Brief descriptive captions
•••

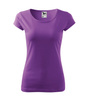 Dopasowana Koszulka Damska T-shirt bawełniana PURE 122 Fioletowa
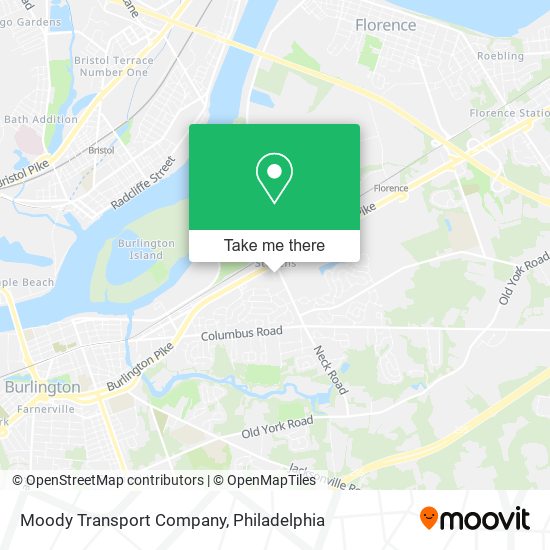 Moody Transport Company map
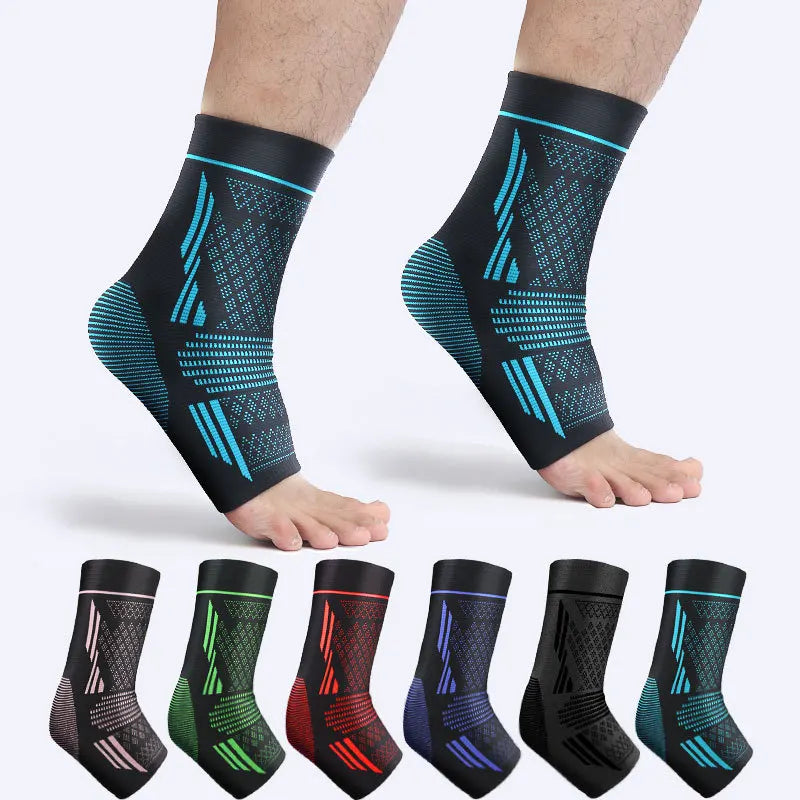 Elastic Hinged Ankle Wraps Protector Support Ankle Brace Compression Sleeve for Running
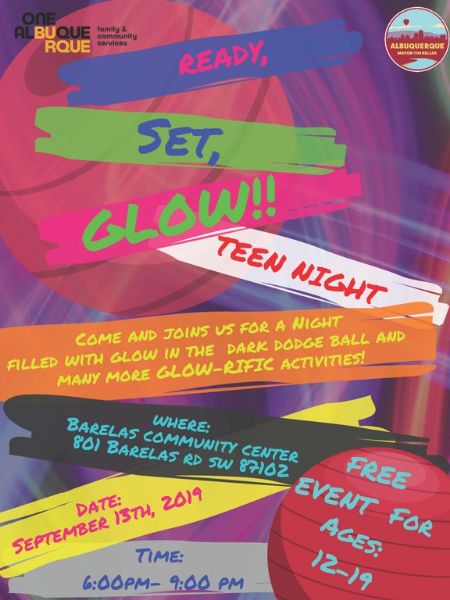 Teen Takeover: Glow in the Dark Night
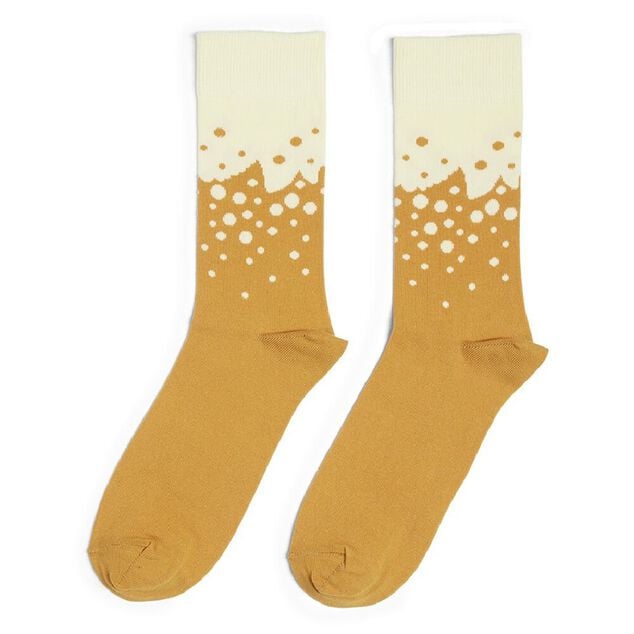Chaussettes originales motif pois jaune/beige - T41/45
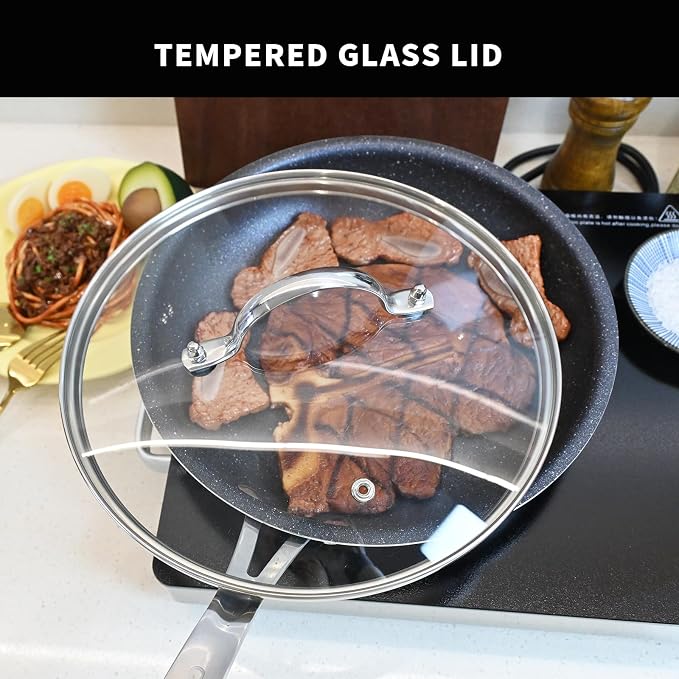 Antrader Tempered Glass Lid, 9.5Inch Cookware Glass Replacement Lid - Image 5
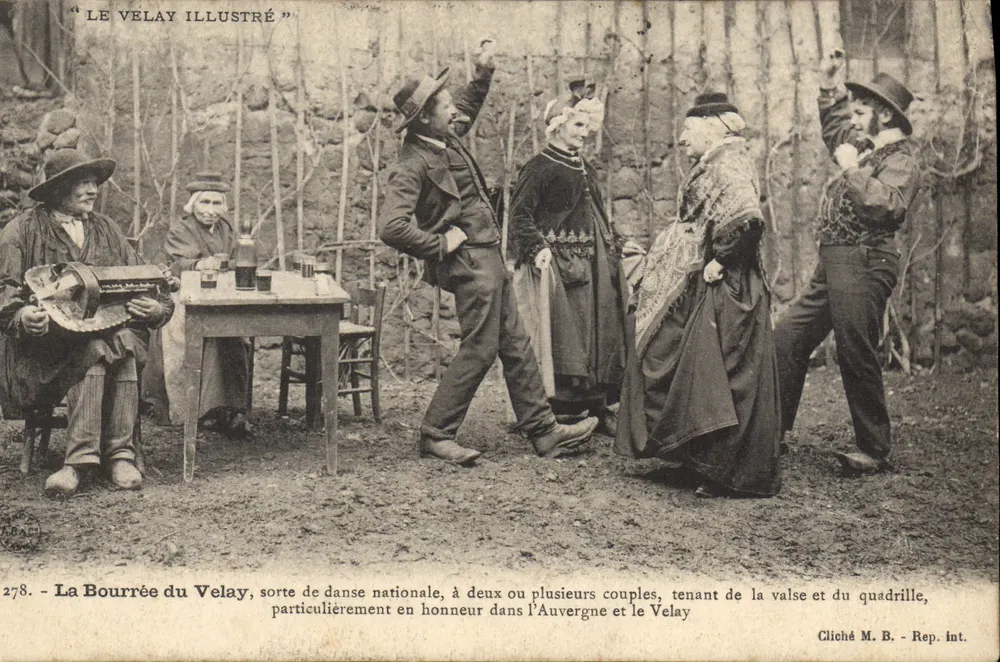 Die Bourrée des Velay — nationale Tanz — Cliché M. B. - Rep. int. n°278 - Vorderseite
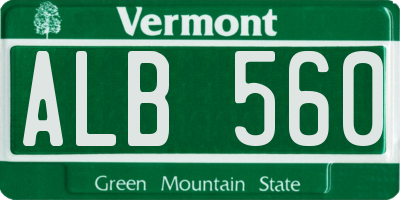 VT license plate ALB560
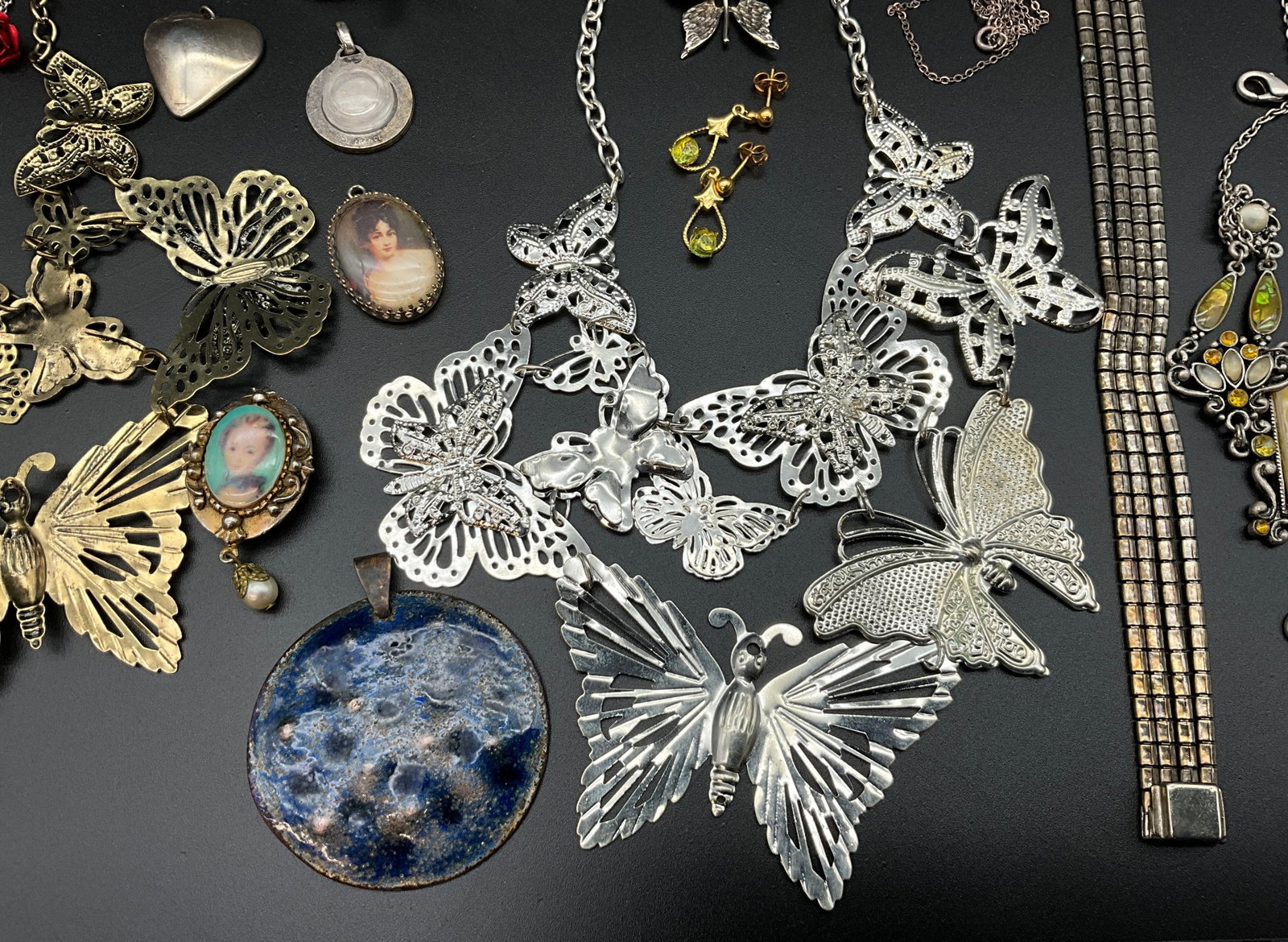 Vintage Butterfly and Botanical Theme Costume Jewelry Collection - 3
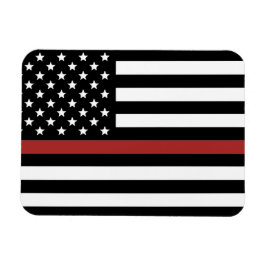 Firefighter Thin Red Line America Flagga Fire Rädd Magnet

•••

Reproduce each line above exactly, but not a single picture.

Problem solution:
 Dopasowana Koszulka Damska T-shirt bawełniana PURE 122 Fioletowa
 Moody Transport Company map
 Elastic Hinged Ankle Wraps Protector Support Ankle Brace Compression Sleeve for Running
 Teen Takeover: Glow in the Dark Night
Chaussettes originales motif pois jaune/beige - T41/45
 Antrader Tempered Glass Lid, 9.5Inch Cookware Glass Replacement Lid - Image 5
 Die Bourrée des Velay — nationale Tanz — Cliché M. B. - Rep. int. n°278 - Vorderseite
 VT license plate ALB560
 Vintage Butterfly and Botanical Theme Costume Jewelry Collection - 3
 Firefighter Thin Red Line America Flagga Fire Rädd Magnet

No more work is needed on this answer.